# Fanny Mendelssohn - String Quartet in E Flat major (SQ review)



## Merl (Jul 28, 2016)

Fanny Mendelssohn's E flat quartet is a fine work that definitely pulls you in. It's not top of the shop but it is a very interesting and surprisingly vigorous work. Here's the recordings that REALLY impressed me (others were OK but these just stood out)

Here's a fine live performance from the Quatuor Ebene







*Recommended

Merel* - a little mannered but still fine
*Lafayette* - slightly dreamer in outlook, glorious 4th movement, especially.
*Erato* - musical and sensible account, played in a pleasantly resonant acoustic
*Cavaleri* - best of this group for me. Fresher, more vivacious but lacking rhe tiniest bit of finesse


*Hugely recommended


Ebene* - this is a terrific performance (from a fine disc containing Felix Mendelssohn's wonderful 2nd and 6th quartets, too) . Vibrant playing, plenty of meatiness and a glorious 2nd movement make this a very appealing and exciting recording and the rest of the disc is of a similar high quality.
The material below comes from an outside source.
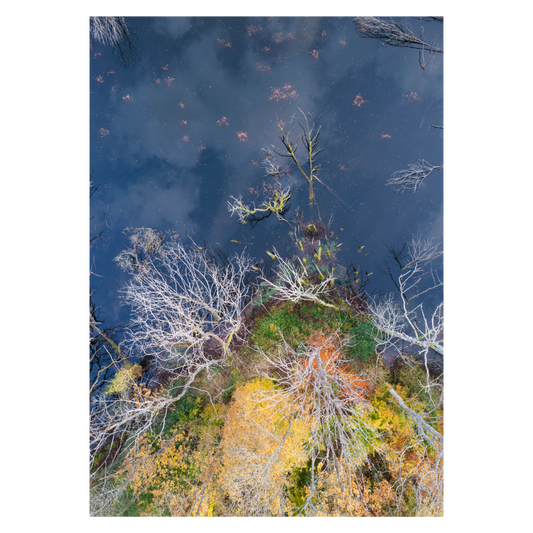 dansk naturplakat med dronekunst over en søbred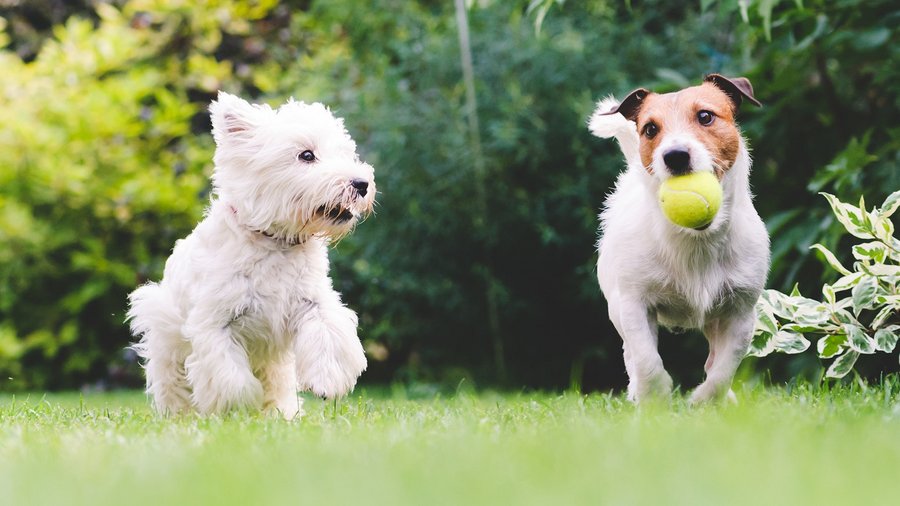es ilegal regalar cachorros de menos de 8 semanas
*Nash* - this lovely Hyperion disc contains some equally delightful moments and is blessed with impressive recorded sound. The Nash Ensemble may not be quite as 'edgy' as the Ebene but they still play hard when needed and their emotion is engaging. They excel in the slower movements, especially. Whether you prefer this or the Ebene is subjective but my advice is to get both as the fillers on the Nash disc are equally attractive. At the moment this has a miniscule edge for me but I've been changing my mind on which I prefer all week.

*Takacs* - the sound may be a little close, dry and slightly claustrophobic but the performance is wonderful. The Takacs work the dynamics expertly and have a depth that other ensembles just can't match. This is playing of the highest quality and, given the Ebene's soundstage, this would have probably been my top choice.


----------